Monsieur le président, monsieur le ministre, mes chers collègues, au terme de la première lecture, la philosophie de ce projet de loi n’a guère évolué et ses dispositions les plus négatives demeurent.

Dans les débats, nous avons certes souligné les avancées et clarifications apportées sur plusieurs points, comme la consolidation du contrôle des moyens de paiement et de l’organisation de la cellule Tracfin, qui détecte les mouvements financiers suspects, le renforcement de la protection des témoins, l’amélioration du contrôle des armes ou encore le renforcement des garanties et la simplification de la procédure pénale, dont l’une des mesures consiste à introduire une phase contradictoire dans les enquêtes préliminaires conduites par le parquet.

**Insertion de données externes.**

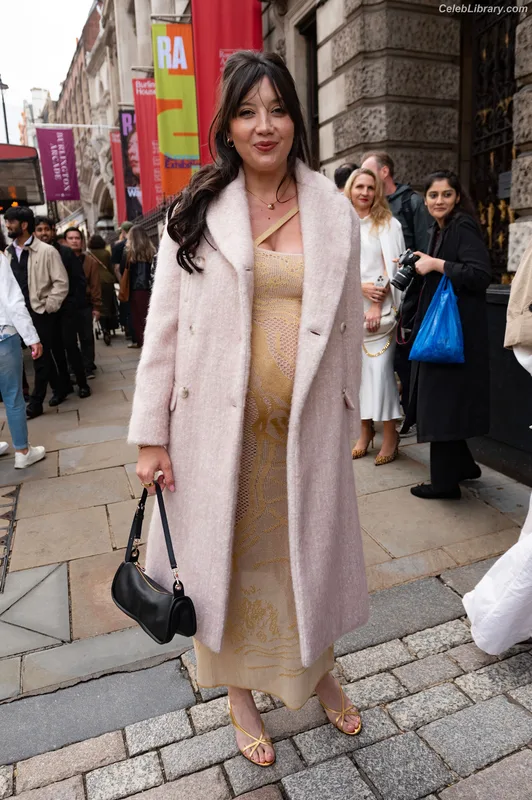 Daisy Lowe photo 19 of 47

Plusieurs de ces mesures étaient attendues de longue date par le monde judiciaire. Mais là n’est pas le plus important : le projet de loi comprend surtout des dispositions que nous jugeons dangereuses pour les libertés individuelles. Elles marquent en effet un glissement indéniable vers l’intégration de mesures exceptionnelles dans notre droit commun, un durcissement de notre arsenal juridique et un déséquilibre entre autorité administrative et autorité judiciaire.

Notre rejet du texte se fonde pour l’essentiel sur quatre dispositions majeures. Il s’agit d’abord de l’article 17, qui prévoit l’extension des pouvoirs des forces de l’ordre à l’occasion des contrôles et vérifications d’identité. La liste des infractions permettant de recourir à l’inspection visuelle et à la fouille des bagages est très largement définie et ne se limite pas aux seuls cas de terrorisme. Ce dispositif, qui n’est pas suffisamment encadré, apparaît ainsi totalement disproportionné.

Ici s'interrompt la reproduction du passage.